Enqueueing kernels from within kernels
… also called “Dynamic Parallelism” by the Khronos folks. The new built-in
enqueue_kernel allows a work item to schedule a new kernel. Instead of a
receiving a kernel object or function pointer to a kernel
function, the
consortium decided to re-use Apple’s blocks to create enqueue-able
closures. According to the specification, enqueueing looks like this:
kernel void
outer (global int *a, global int *b)
{
ndrange_t range;
void (^accumulate)(void) =
^{
size_t id = get_global_id (0);
b[id] += a[id];
};
/* Pass block as variable */
enqueue_kernel (get_default_queue (),
CLK_ENQUEUE_FLAGS_WAIT_KERNEL,
range,
accumulate);
/* Pass block directly */
enqueue_kernel (get_default_queue ()
CLK_ENQUEUE_FLAGS_WAIT_KERNEL,
range,
^{
size_t id = get_global_id (0);
b[id] = sin(a[id]);
});
}
SPIR intermediate representation
This is probably less of importance for users of the C and C++ API, but the Khronos group also started to define a LLVM-based intermediate representation of up to OpenCL 1.2 code. This will probably spawn a multitude of new OpenCL front-end languages.
Other built-ins and extensions
- Tired of calculating the linear index for two- and three-dimensional data accesses? With the upcoming specification you can use get_global_linear_id and get_local_linear_id for these tasks.
- There is now a whole bunch of atomic functions to change memory locations or test for conditions while being immediately visible to other work items of the same work group.
- Sometimes, it’s a pain to get resource de-allocation right.
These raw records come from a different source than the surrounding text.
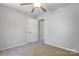 Neutral bedroom with a ceiling fan and an open door to a closet and additional space at 7815 Ambleside Dr, Charlotte, NC 28216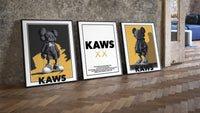 KAWS Monogram Impact Hypebeast Wall Art Set of 3 leaning on parquet beside a vintage loft door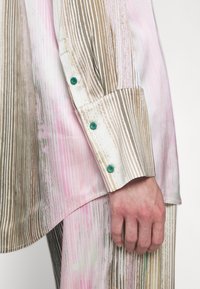 Chemise à boutons avec des rayures verticales en rose, marron et blanc, d'une texture lisse et avec des boutons verts sur les poignet.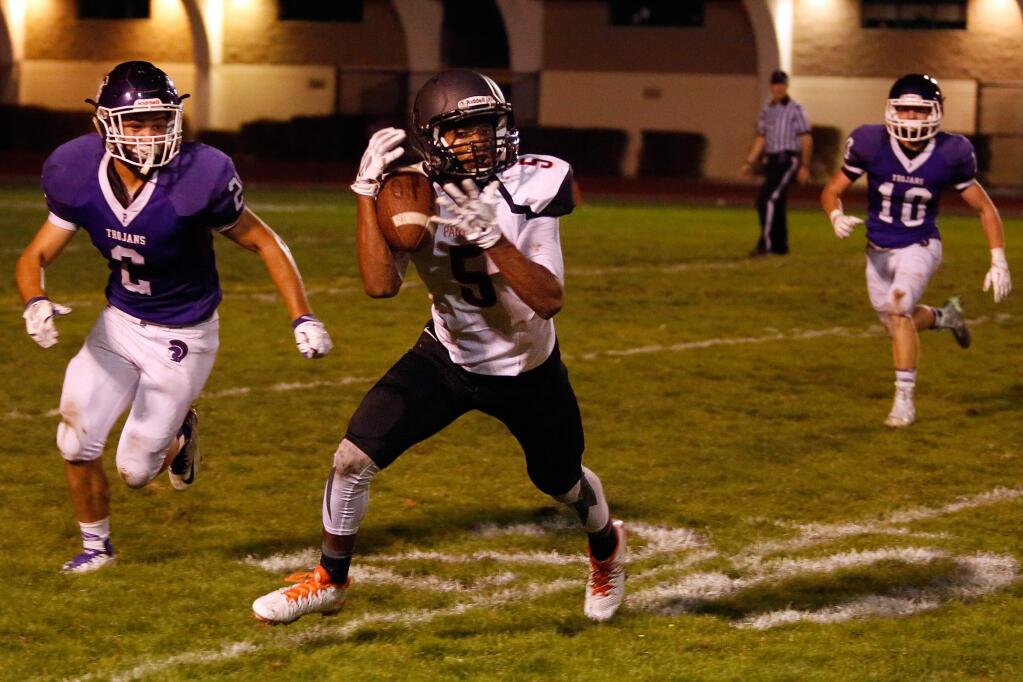 Santa Rosa's Kalei Aukai (5) makes a catch in front of Petaluma's (2) during their game on Sept. 18. Santa Rosa will drop from Division 1 to Division 2 in football this fall because of new procedures adopted Tuesday by the North Coast Section Board of Managers. (Alvin Jornada / The Press Democrat)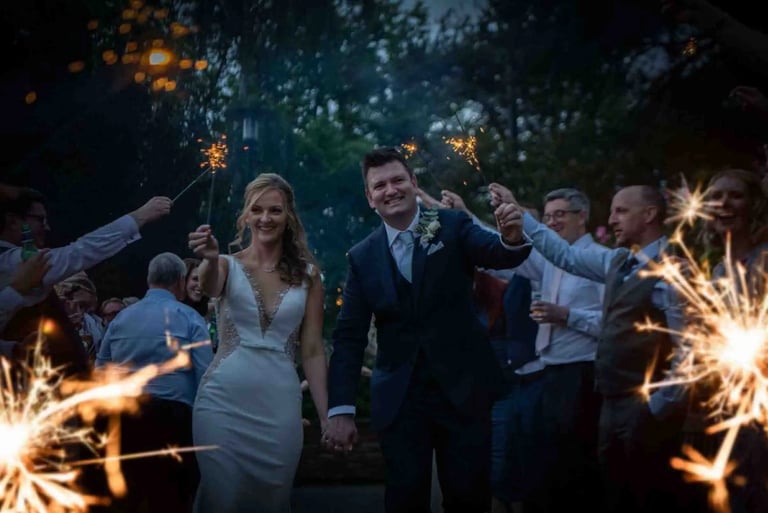 A happy bride and groom celebrate with a wedding sparkler send-off surrounded by guests outdoors at night.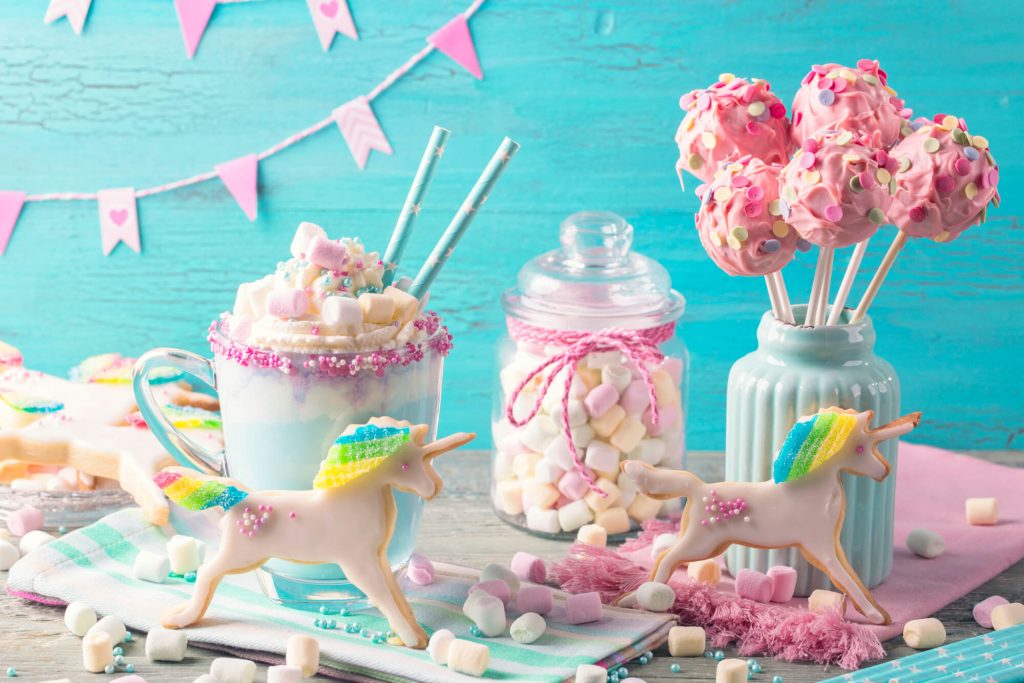 A candy display featuring pink lollipops, colourful marshmallows, and unicorn-shaped cookies with rainbow manes.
For sloppy
people like me, there is a new cl_khr_terminate_context extension, that
provides a
clTerminateContextKHR
to quickly shut down an OpenCL context.
Outlook
The specification is still in provisional state and the Khronos group encourages you to give feedback for the next six months. After that it will be set in stone. Probably two years later, NVIDIA will then provide an implementation for OpenCL 1.2.